Privately, I wondered if Helen had ever been happy. How he had made it work for so long still baffled me. But it really does come back to the question as to why straight men seem to love women who are bitches? We’ve all seen our wonderfully alpha male friend become the whipped play thing of one of life’s BDSM queens.

And the thing I find? It happens to the most unexpected of men. We all know these adorable alpha male types; they love their friends, their hobbies, their sports. They have jobs and they lead good social lives. Some of them may even be players. And yet put the right kind of bitch in their way, and our big, adorable alpha turns into a timid ready-to-please puppy.

How do they do it?

In a strange way, although we never really gelled, I had a strange respect for Helen. She always seemed to strong and so brittle. She seemed to be on her way to the fabled land of “having it all”; the job, the man and the apartment. Fair enough, it was in Dundee and not in London, but contrary to popular belief, happiness does in fact exist outside of the M25.

Yet as I helped Chris pick up the pieces of his last relationship, which had lasted longer than most marriages, I wondered just how much had really gone on behind the scenes that I’d not seen. I’m often curious about what goes on behind the scenes to make something like that work, having never experienced anything like it myself. And to wonder what goes on when it’s working means considering what happens when the relationship of 7 years comes to an end. Do we just give up and move on? Do we accept it as a beautiful and loving part of our lives and wish the other person well? Or do we descend into behaviour all too human and give way to our own pettiness?

Chris used the exchanging of gifts this year as a metaphor for the whole relationship. His gift to Helen was something he had pondered and agonised over for days, which had taken a great deal of time and effort to obtain.

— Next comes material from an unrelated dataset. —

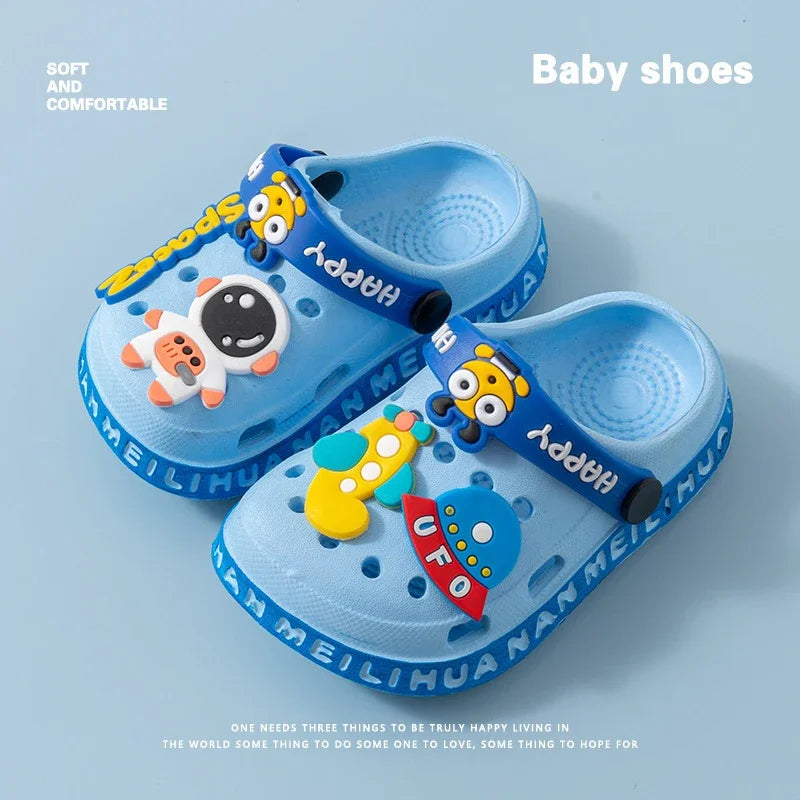 Kids Cartoon Soft-Soled Sandals (9M–5 Years)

Hers was a bottle she had bought that day.

“I was still happy to receive it,” he emphasised to me as we sat on the sofa, lubricating our feelings with wine. “But it summed up everything that had been wrong. I was making this giant effort and it was like she just couldn’t be bothered. She said my working late was part of it, but she was always at evening events and night classes.”

The classic relationship Ice Queen move. You must obey her, yet she stays the free spirit she’s always been. Should we applaud these strange creatures as a hardened embodiment of new age feminism? Or should be see them as pathetic beings trapped in a cold prison of their own making, capable only of registering their own ice and ambition? Does the alpha male mindset need an equally strong counterpart who he can never understand, like some sort of relationship scratching post – the riddle that he’ll never be able to untangle? Does he, in fact, have so much feeling inside him that he needs someone as un-feeling to balance him out and lavish himself upon? And anyway, just because someone never seems to register regular human thought upon their face, does that mean they’re truly strong? When the icy shards melt I somehow doubt it.

I’ve always admired and been inspired by strong women and powerful female characters. But as I watched Chris emerge from the melancholy of leaving Helen behind and look forward to moving away to start his own new chapter, I thought how sorry for her I felt.

Sometimes men love women who are bitches; but eventually some men also get very tired of being talked down to and move on.